Human cervical cancer cell lines HeLa, SKG-II, and HCS-2, and MCF7 and T47D breast cancer cell lines were used. SKG-II cells were cultured in Ham’s F12 media supplemented with 10% heat-inactivated fetal bovine serum, 100 U/ml penicillin, 100μg/ml streptomycin, 1 mM sodium pyruvate, 10 mM Hepes, and 0.1 mM non-essential amino acids. HeLa, HCS-2, MCF7, and T47D cells were cultured in Dulbecco’s Modified Eagle Medium media and supplemented as described above.

2.4 Cell viability assay

Human cervical and breast cancer cell lines (10⁴) were incubated in 96-well flat bottom plates in the presence of olive oil or media for 48 hours. To measure cell viability, the Cell Titer 96-well Non-radioactive Cell Viability Assay (MTT) (Promega, Madison, WI, USA) was used according to manufacturer’s instructions.
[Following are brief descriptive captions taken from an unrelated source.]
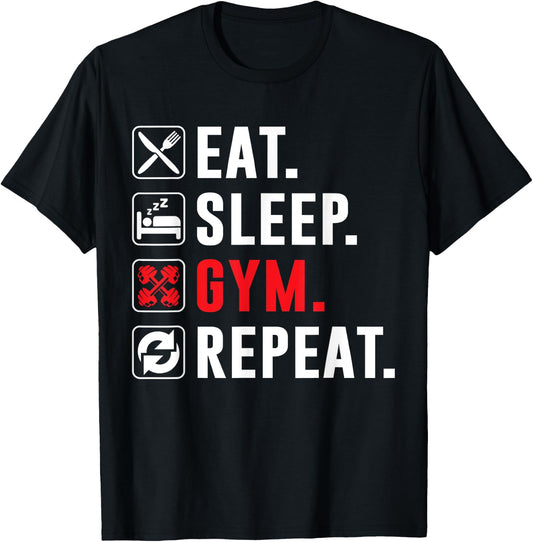 Fitness Bodybuilding Eat Sleep Gym Repeat Funny Workout Gym T-Shirt - T-Shirt | Black
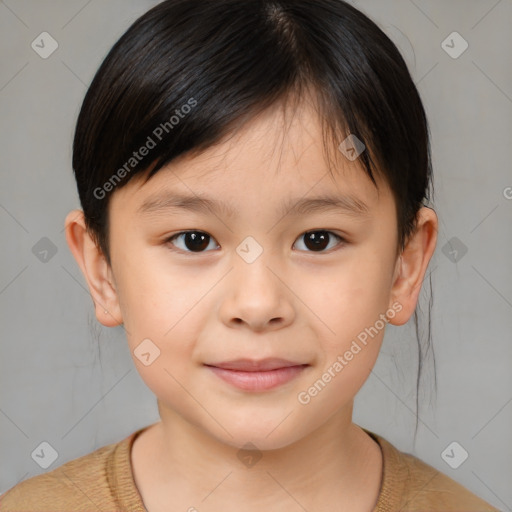 Joyful white child female with medium  brown hair and brown eyes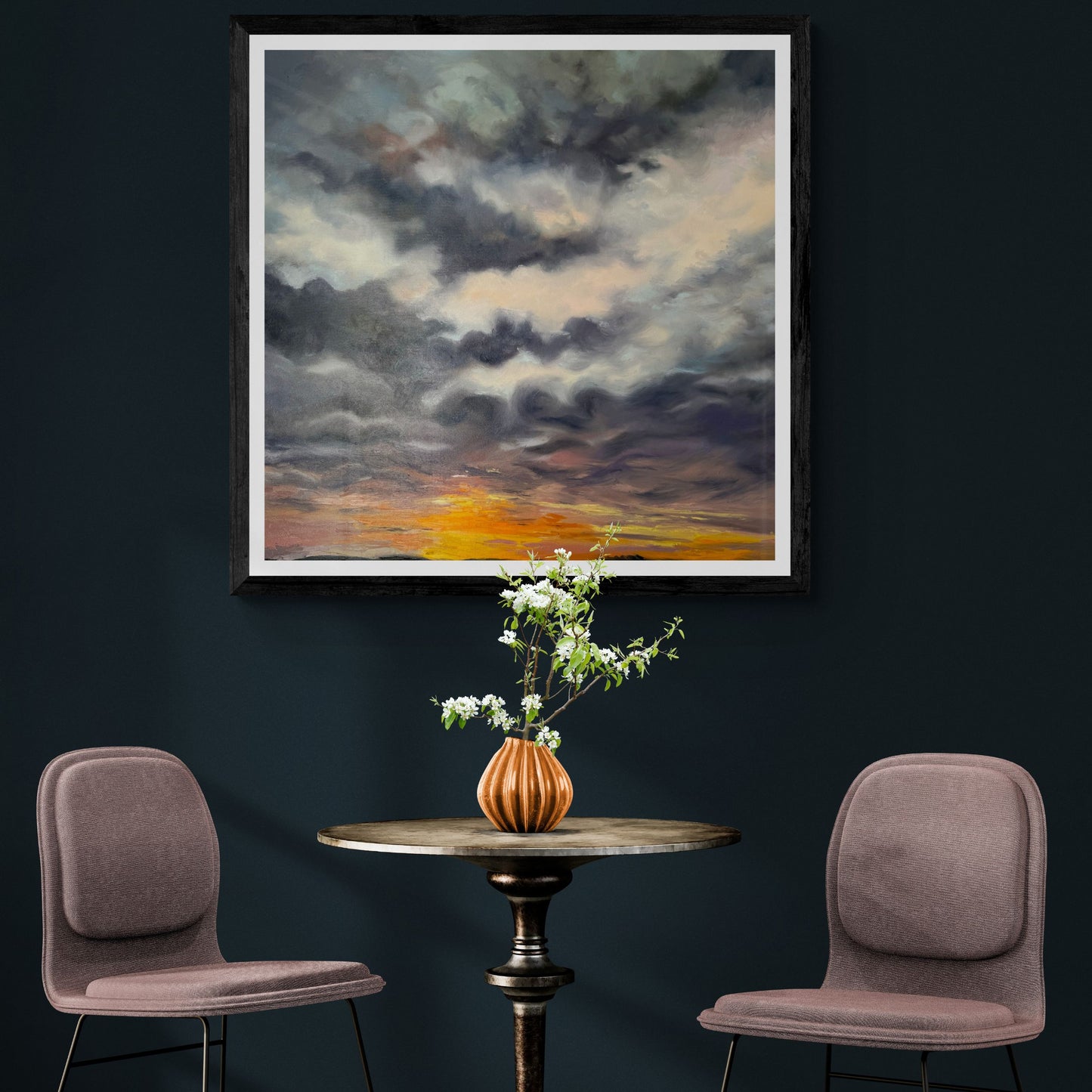 Deep dark skies art print from Lelant Church in Cornwall in black frame option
2.5 Flow cytometry for detection of reactive oxygen species

Human cervical cancer cell lines (10⁴) were incubated in 96-well flat bottom plates in the presence of olive oil or media for 48 hours. Cells were analyzed for reactive oxygen species using the CellROX Green flow cytometry assay kit according to manufacturer’s instructions (ThermoFisher Scientific). Cells were analyzed on an Accuri C6 Flow Cytometer using Accuri Analysis software (BD BioSciences).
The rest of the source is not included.